Is it reasonable to insist on reproducing every defect before diagnosing and fixing it?
- by amphibient
I work for a software product company. We have large enterprise customers who implement our product and we provide support to them. For example, if there is a defect, we provide patches, etc. In other words, It is a fairly typical setup.
Recently, a ticket was issued and assigned to me regarding an exception that a customer found in a log file and that has to do with concurrent database access in a clustered implementation of our product. So the specific configuration of this customer may well be critical in the occurrence of this bug. All we got from the customer was their log file.

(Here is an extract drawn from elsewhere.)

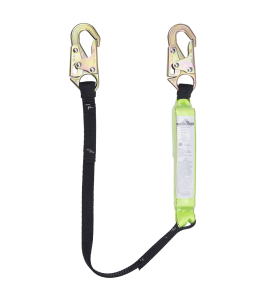 Peakworks polyester web lanyard with an energy absorber and 2 standard carabiners, 1 in.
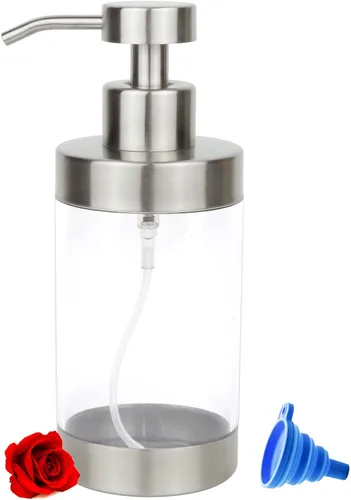 Miniatura 9 de Dispensador de jabón para encimera, color negro mate, dispensador de loción de 11.8 onzas con bomba, dispensador de jabón de mano de acero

The approach I proposed to my team was to attempt to reproduce the bug in a similar configuration setup as that of the customer and get a comparable log. However, they disagree with my approach saying that I should not need to reproduce the bug (as that is overly time-consuming and will require simulating a server cluster on VMs) and that I should simply "follow the code" to see where the thread- and/or transaction-unsafe code is and put the change working off of a simple local development, which is not a cluster implementation like the environment from which the occurrence of the bug originates.
To me, working out of an abstract blueprint (program code) rather than a concrete, tangible, visible manifestation (runtime reproduction) seems like a difficult working environment (for a person of normal cognitive abilities and attention span), so I wanted to ask a general question:
Is it reasonable to insist on reproducing every defect and debug
it before diagnosing and fixing it?
Or:
If I am a senior developer, should I be able to read (multithreaded) code and
create a mental picture of what it does in all use case scenarios
rather than require to run the application, test different use case
scenarios hands on, and step through the code line by line? Or am I a poor
developer for demanding that kind of work environment? Is debugging for sissies?
In my opinion, any fix submitted in response to an incident ticket should be tested in an environment simulated to be as close to the original environment as possible. How else can you know that it will really remedy the issue? It is like releasing a new model of a vehicle without crash testing it with a dummy to demonstrate that the air bags indeed work.
Last but not least, if you agree with me:
How should I talk with my team to convince them that my approach is reasonable, conservative and more bulletproof?